In chi square goodness of fit test, if the expected frequencies, and the observed frequencies were quite different, we could conclude that:

A) null hypothesis is false, and we would reject
B) chi square distribution is invalid, and use t distribution instead
C) alternate hypothesis is false, and reject

A, assuming it exceeds you level of significance.

To determine the correct answer, we need to understand the chi-square goodness of fit test. The chi-square goodness of fit test is a statistical test used to determine whether observed categorical data significantly differs from expected values. This test involves comparing the observed frequencies (data actually collected) with the expected frequencies (data expected if the null hypothesis is true) to evaluate if there is a meaningful difference.

Based on the given information that the expected and observed frequencies are quite different, we can conclude that the null hypothesis is false and we should reject it. This means that choice A) "null hypothesis is false, and we would reject" is the correct answer.

To perform a chi-square goodness of fit test, you would need to follow these steps:

1. Formulate the null and alternative hypotheses. The null hypothesis assumes that there is no significant difference between the observed and expected frequencies, while the alternative hypothesis suggests that there is a significant difference.

2. Select a significance level (alpha) to determine the threshold for accepting or rejecting the null hypothesis. Commonly used values for alpha are 0.05 or 0.01.

3. Determine the expected frequencies for each category under the null hypothesis. These can be calculated based on theoretical probabilities or by using historical data as a reference.

4. Collect data and calculate the observed frequencies for each category.

5. Calculate the chi-square test statistic using the formula: X^2 = Σ((O - E)^2 / E), where O is the observed frequency and E is the expected frequency for each category.
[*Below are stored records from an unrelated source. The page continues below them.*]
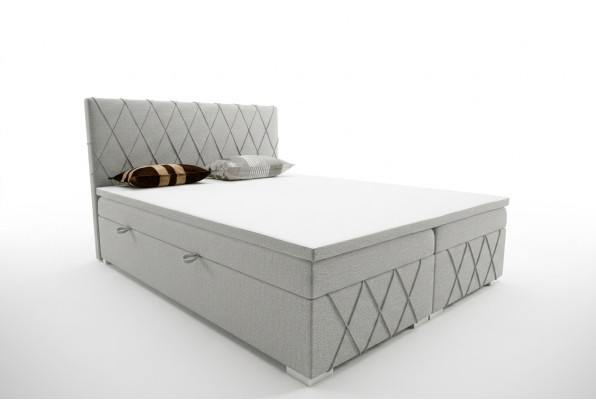 Letto a molle matrimoniale per hotel in tessuto di lusso con cassetto per biancheria da letto e funzione di imbottitura.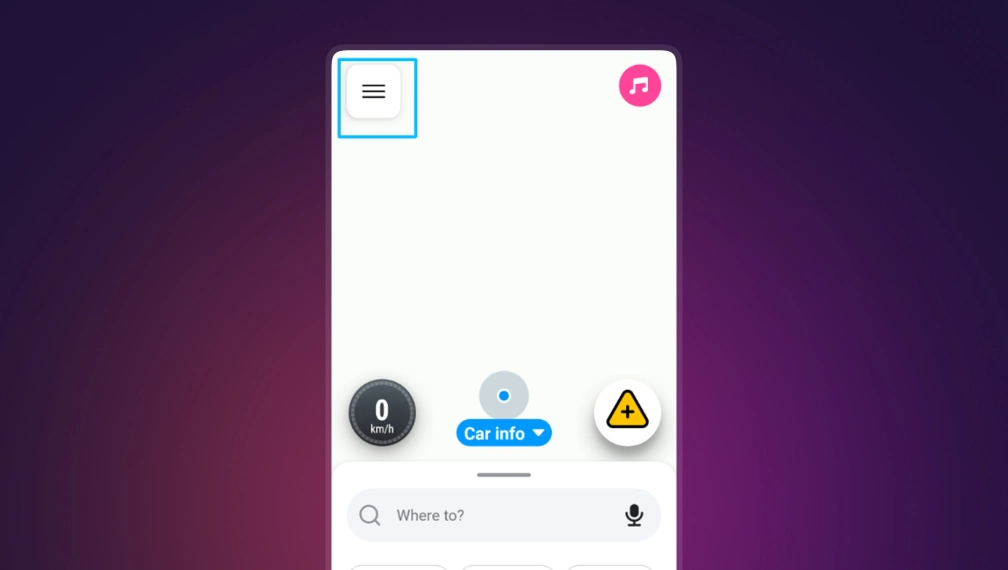 Waze app home screen with menu button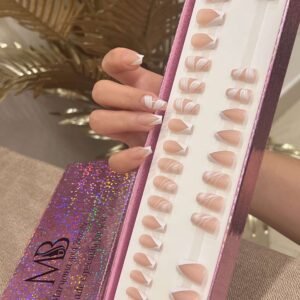 white french coffin with nail art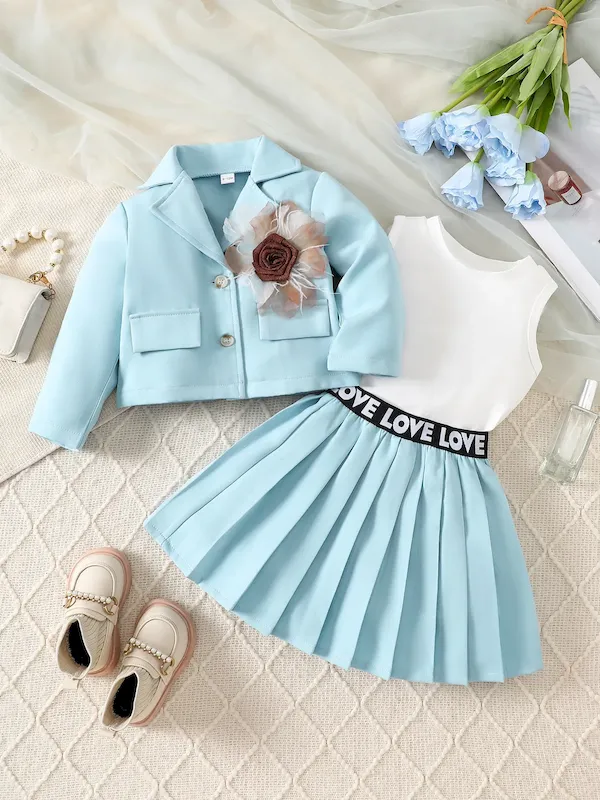 Wholesale Kids Girls Fashion Casual Flower Lapel Long-Sleeve Cardigan Vest Pleated Skirt Three-Piece Set - Image 4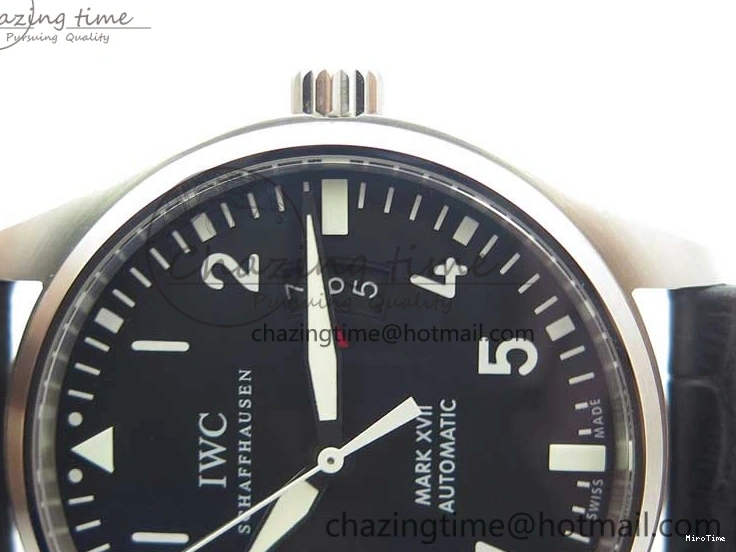 MIROTIME 0108 Affordable Mark XVII IW326501 FKF 1:1 Best Edition Black Dial on Black Leather Strap 7131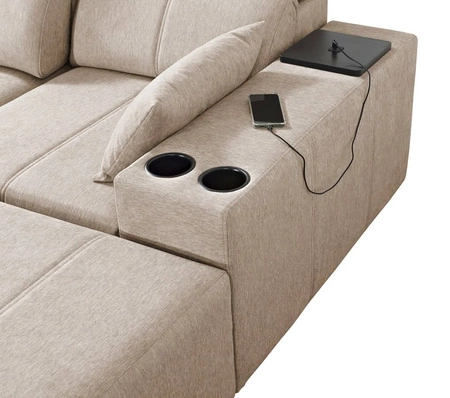 Narożnik z funkcją spania Tesalia beżowy prawostronny nowoczesny design komfortowe przesuwane oparcie szuflada w boczku mebla
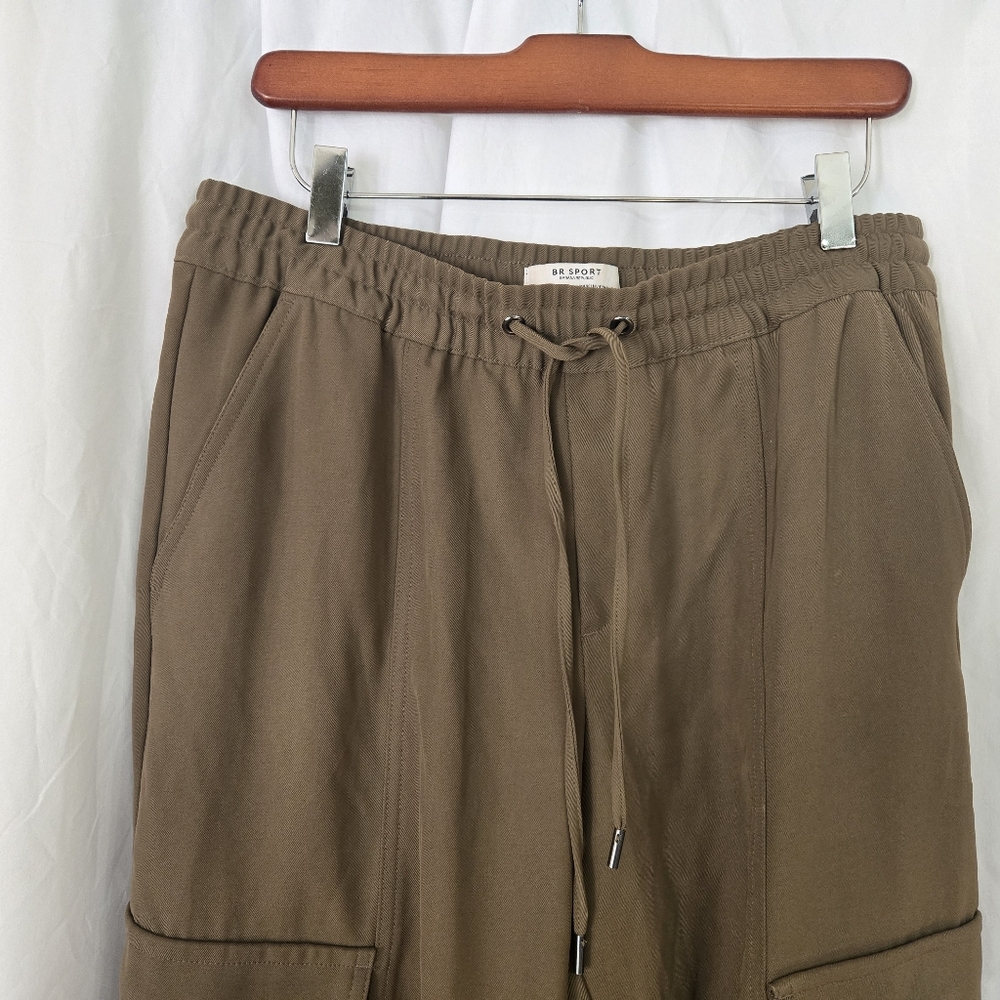 BR Sport Olive Green Pull On Drawstring Cargo Pants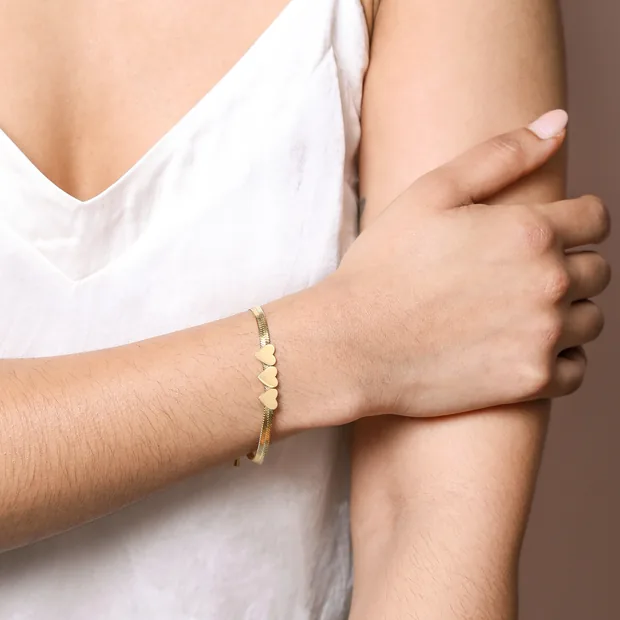 Stainless Steel Three Heart Charm Herringbone Bracelet in Gold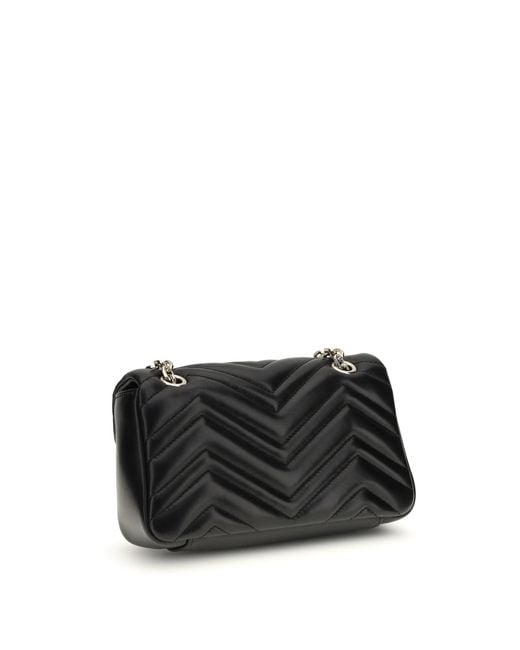Gucci Black Gg Marmont Small Shoulder Bag Lamb Ovis Aries Handbags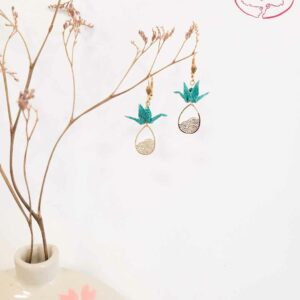 boucles d'oreilles en origami japonaises grues vagues 2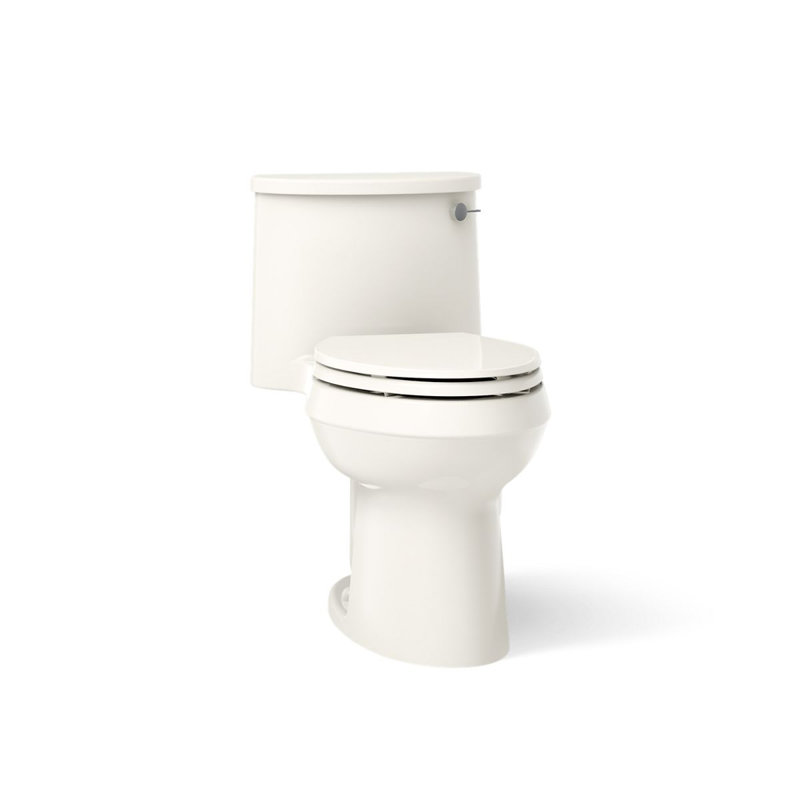 Adair 1.28 GPF Water Efficient Elongated One-Piece toilet (Seat Included), Biscuit, Right-Hand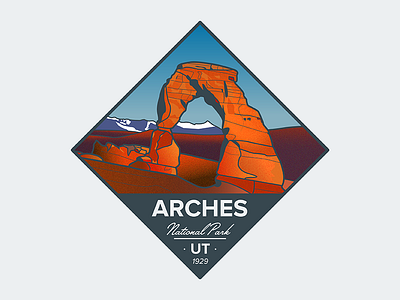 National Park Badge: Arches 100 arches badge illustration national park utah vector years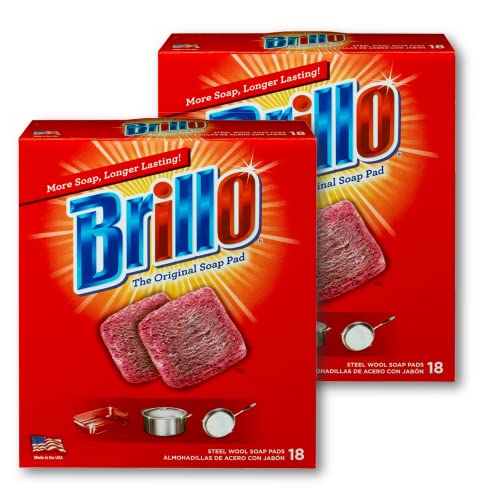 Brillo Steel Wool Soap Pads, Long Lasting, Original Scent Cleaning, 18 Count (Original, 18 Count (Pack of 2)) - Image 1
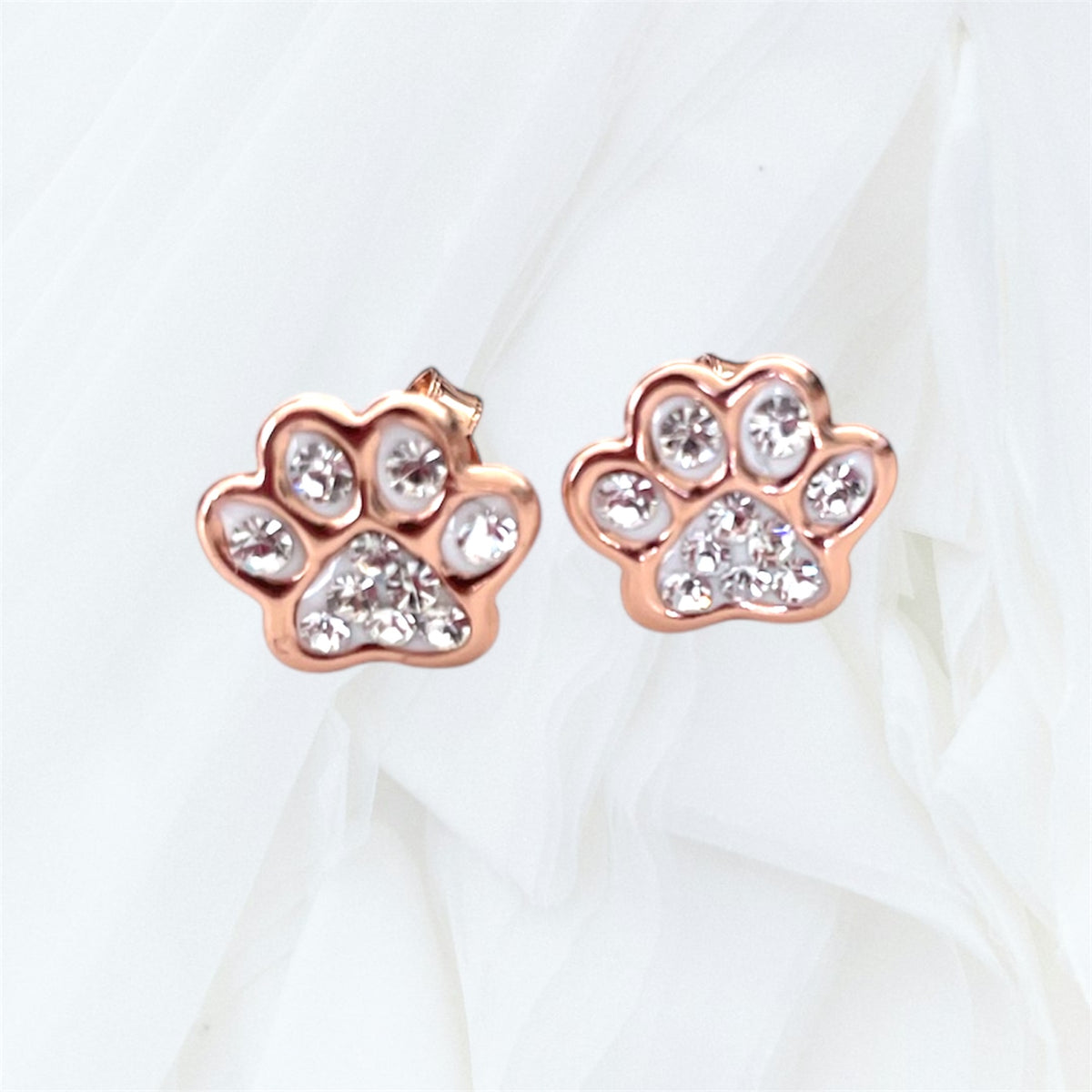 Sterling Silver Cubic Zirconia Dog Paw Earrings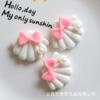 Accesorios de resina de pegamento crema DIY accesorios para el cabello de niños horquilla material hecho a mano lazo perla concha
Sum up the contributions for all categories.

6. Determine the degrees of freedom (df). In a goodness of fit test, df equals the number of categories minus 1.

7. Use a chi-square distribution table or a statistical software to determine the critical value of chi-square for the given significance level and degrees of freedom.

8. Compare the calculated chi-square test statistic to the critical value. If the calculated value is greater than the critical value, it suggests a significant difference between the observed and expected frequencies, leading to the rejection of the null hypothesis. However, if the calculated value is less than or equal to the critical value, it indicates that the observed frequencies do not significantly differ from the expected frequencies, and the null hypothesis cannot be rejected.

Therefore, in this case, since the observed and expected frequencies are quite different, it can be concluded that the null hypothesis is false and should be rejected.